A type of document retriever that splits input documents into smaller chunks while separately storing and preserving the original documents. The small chunks are embedded, then on retrieval, the original "parent" documents are retrieved.

This strikes a balance between better targeted retrieval with small documents and the more context-rich larger documents.

Example

const retriever = new ParentDocumentRetriever({
vectorstore: new MemoryVectorStore(new OpenAIEmbeddings()),
byteStore: new InMemoryStore<Uint8Array>(),
parentSplitter: new RecursiveCharacterTextSplitter({
chunkOverlap: 0,
chunkSize: 500,
}),
childSplitter: new RecursiveCharacterTextSplitter({
chunkOverlap: 0,
chunkSize: 50,
}),
childK: 20,
parentK: 5,
});

const parentDocuments = await getDocuments();
await retriever.addDocuments(parentDocuments);
const retrievedDocs = await retriever.getRelevantDocuments("justice breyer");

Hierarchy (view full)

Constructors

Properties

childDocumentRetriever: any
docstore: BaseStoreInterface<string, Document>
documentCompressor: undefined | BaseDocumentCompressor
vectorstore: VectorStoreInterface
documentCompressorFilteringFn?: ((docs) => SubDocs)

Type declaration

childSplitter: TextSplitter
idKey: string = "doc_id"
childK?: number
parentK?: number
parentSplitter?: any

Methods

  • Adds documents to the docstore and vectorstores. If a retriever is provided, it will be used to add documents instead of the vectorstore.

    Parameters

    • docs: Document[]

      The documents to add

    • Optional config: {
          addToDocstore?: boolean;
          childDocChunkHeaderOptions?: any;
          ids?: string[];
      }
      • Optional addToDocstore?: boolean

        Boolean of whether to add documents to docstore. This can be false if and only if ids are provided. You may want to set this to False if the documents are already in the docstore and you don't want to re-add them.

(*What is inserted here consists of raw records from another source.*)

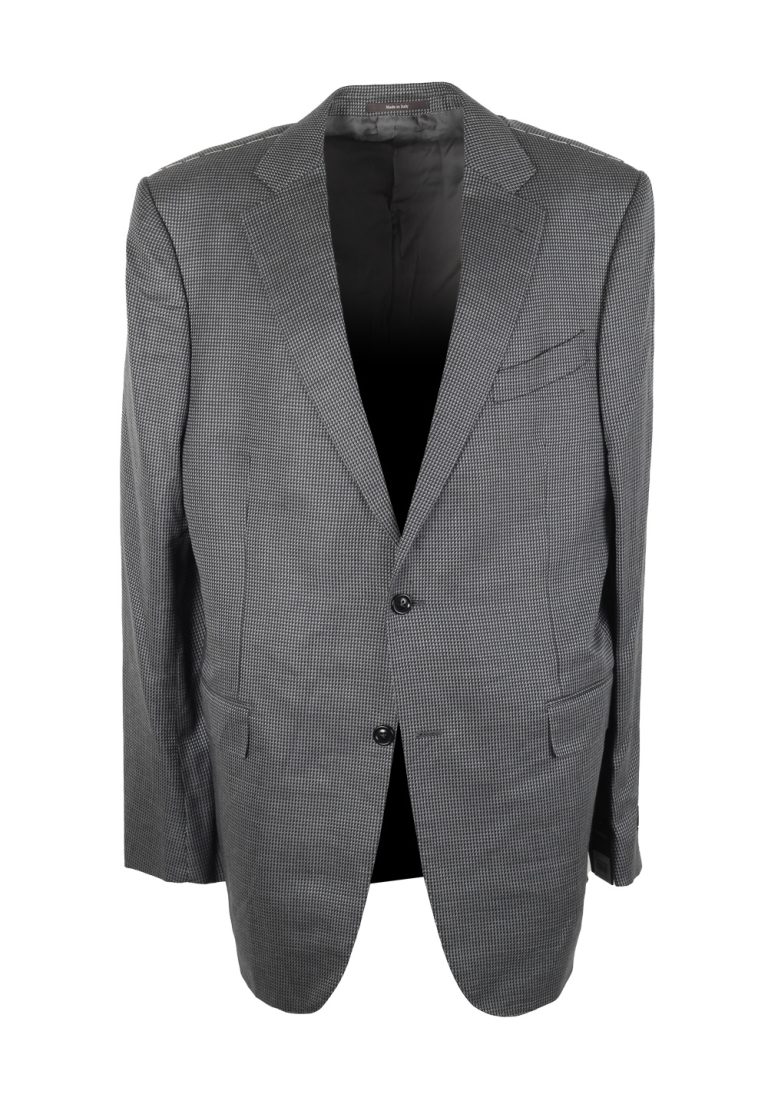 Ermenegildo Zegna Gray Mila Sport Coat Size 56L / 46L U.S. In Silk Blend - thumbnail | Costume Limité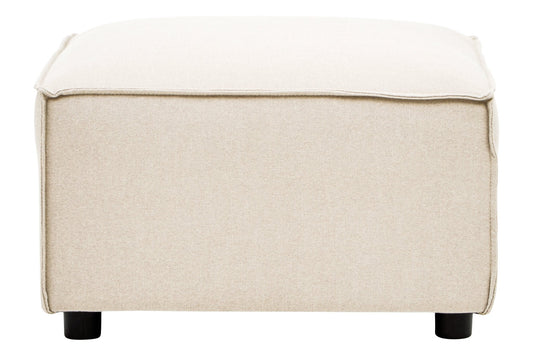 Rana Cream Fabric Sofa Ottoman - Skandi London
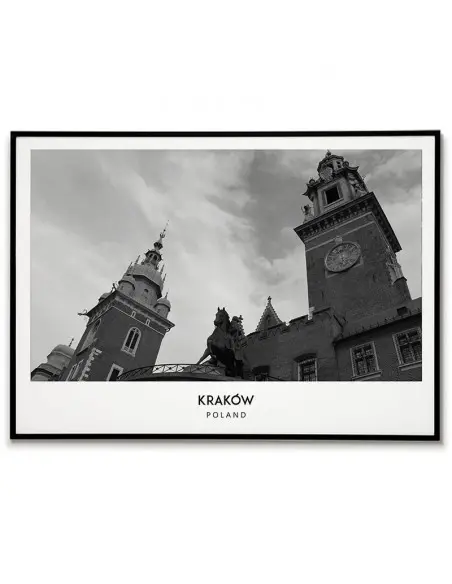 Plakat Kraków, Grafika na ścianę obraz z miastem Kraków. Plakat miasto na ścianę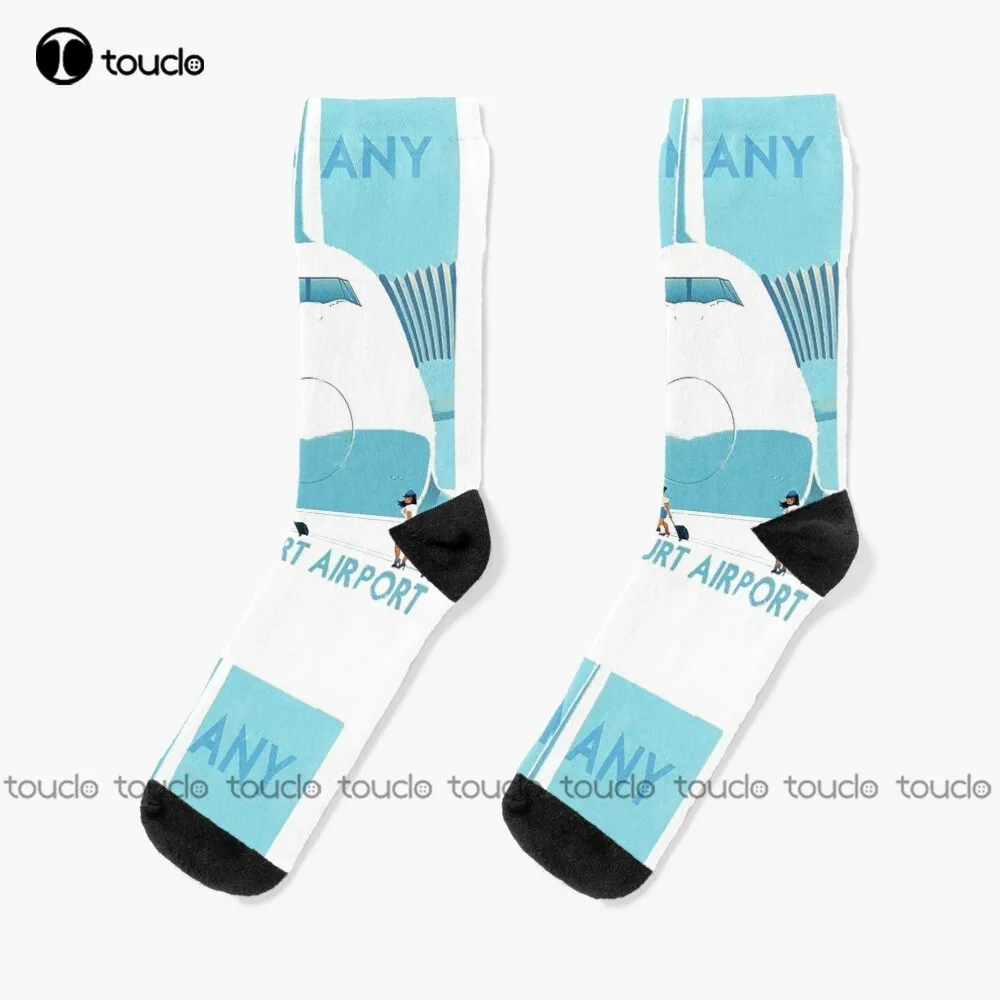 

Frankfurt Airport..Fabulous 60S Socks Slouchy Socks For Women Unisex Adult Teen Youth Socks Personalized Custom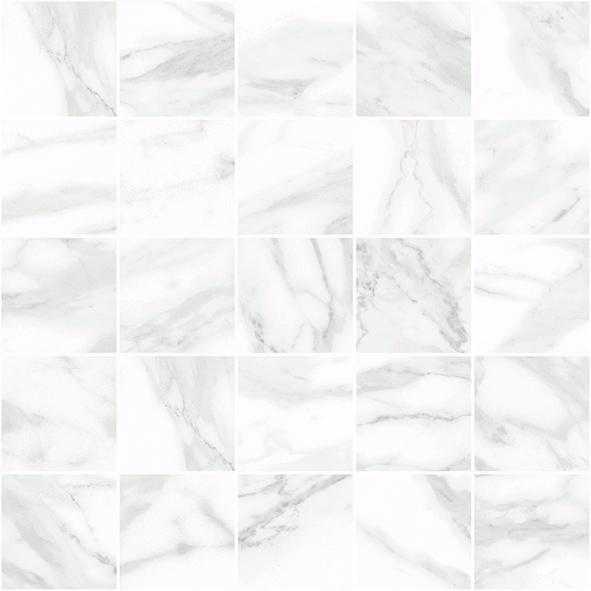 Olimpus декор мозаичный белый 25×25 LAPARET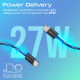 Дата кабель USB-C to Lightning 1.2m Promate (ecoline-ci120.black)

      • Optional childDocChunkHeaderOptions?: any
      • Optional ids?: string[]

        Optional list of ids for documents. If provided should be the same length as the list of documents. Can provided if parent documents are already in the document store and you don't want to re-add to the docstore. If not provided, random UUIDs will be used as ids.

    Returns Promise<void>